Found a link to a copy on scribd. The original is at: http://docs.house.gov/meetings/IG/IG00/20180129/106822/HMTG-... though it's being "hugged to death" at the moment, hence the scribd link.


> “Steele admitted to Ohr his feelings against then-candidate Trump when Steele said he 'was desperate that Donald Trump not get elected and was passionate about him not being president.’”

So is his sense of 'desperation' a result of political differences, or as a result of his findings?


It shows his bias, which is a clear conflict of interest, and something that at the very least should have been disclosed to the FISC for their consideration for the warrant.
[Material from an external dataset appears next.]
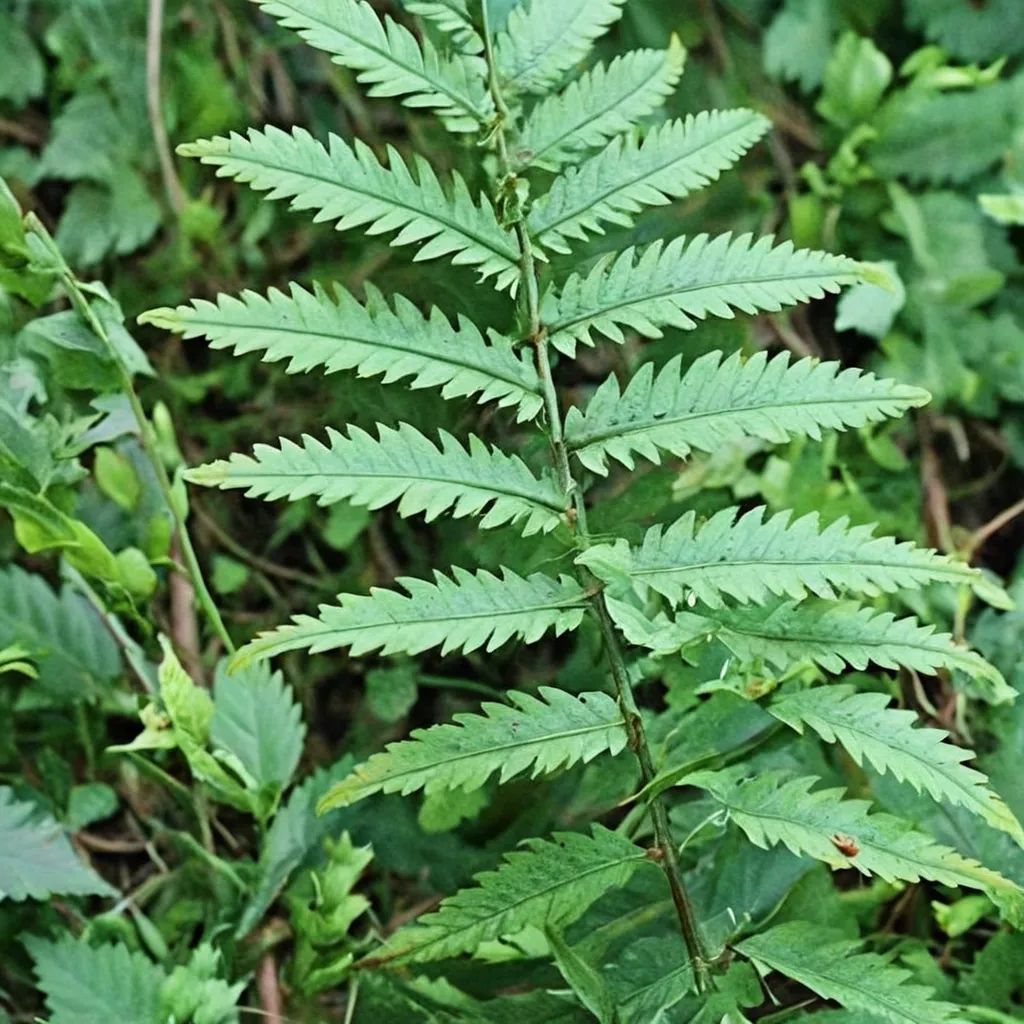 Dryopteris uniformis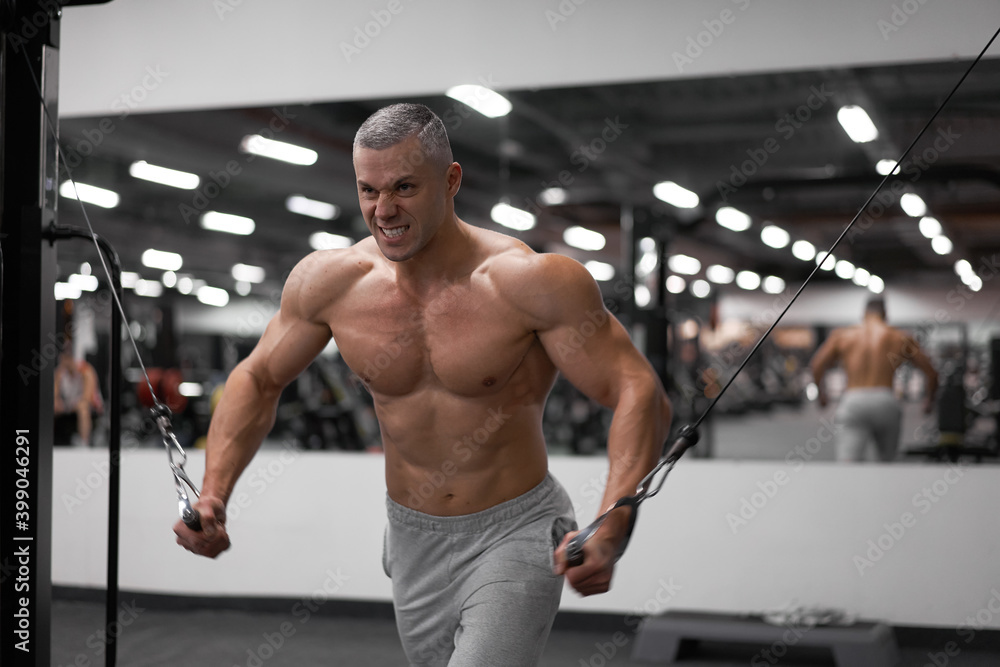 Muscular athletic bodybuilder standing training chest and shoulders muscles  on fitness equipment Stock 写真 | Adobe Stock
The fact that it was not disclosed shows that either the leadership of the FBI was overzealous or also very biased.

Legally, if there is even an apparent conflict of interest, an FBI officer is supposed to recuse.


"It shows his bias, which is a clear conflict of interest, and something that at the very least should have been disclosed to the FISC for their consideration for the warrant. " Actually no, legally, it has no impact or relevance.

The same way that whether a prosecutor likes or hates you doesn't matter to a warrant application.

It matters whether they have probable cause or not.

If they have probable cause, there is no malicious prosecution claim you can make.

Judge is supposed to look at the evidence, see if there is evidence of probable cause, and if so, approve it. Otherwise, deny it.

Either that happened or it didn't. Either all the relevant (and again, bias is not relevant) evidence supporting the warrant were provided or it wasn't.

The judge is the neutral adjudicator, not the investigator.

There is a lot of caselaw on this because bias of informants is always challenged (and pretty much always loses):

http://reason.com/volokh/2018/01/31/the-dubious-legal-claim-...

"Legally, if there is even an apparent conflict of interest, an FBI officer is supposed to recuse."

This is not correct AFAIK. There is no legal statute or local court rules i'm aware of saying any such thing. If you know one, please cite it. (I used to be very heavily into this area when i interned at the Center for Democracy and Technology many years ago).

The FBI is only driven by the attorney general's guidelines, which are not overseen or approved by anyone else, and carry no force of law.


In this case, the judges were not shown the evidence. This is the weakness of courts - they can only rule on what is presented to them.

Again, an FBI officer is supposed to recuse if there is even the appearance of a conflict of interest. That's the legal standard. So, obviously biased FBI officials should not have been involved in preparing or approving the FISA warrant application.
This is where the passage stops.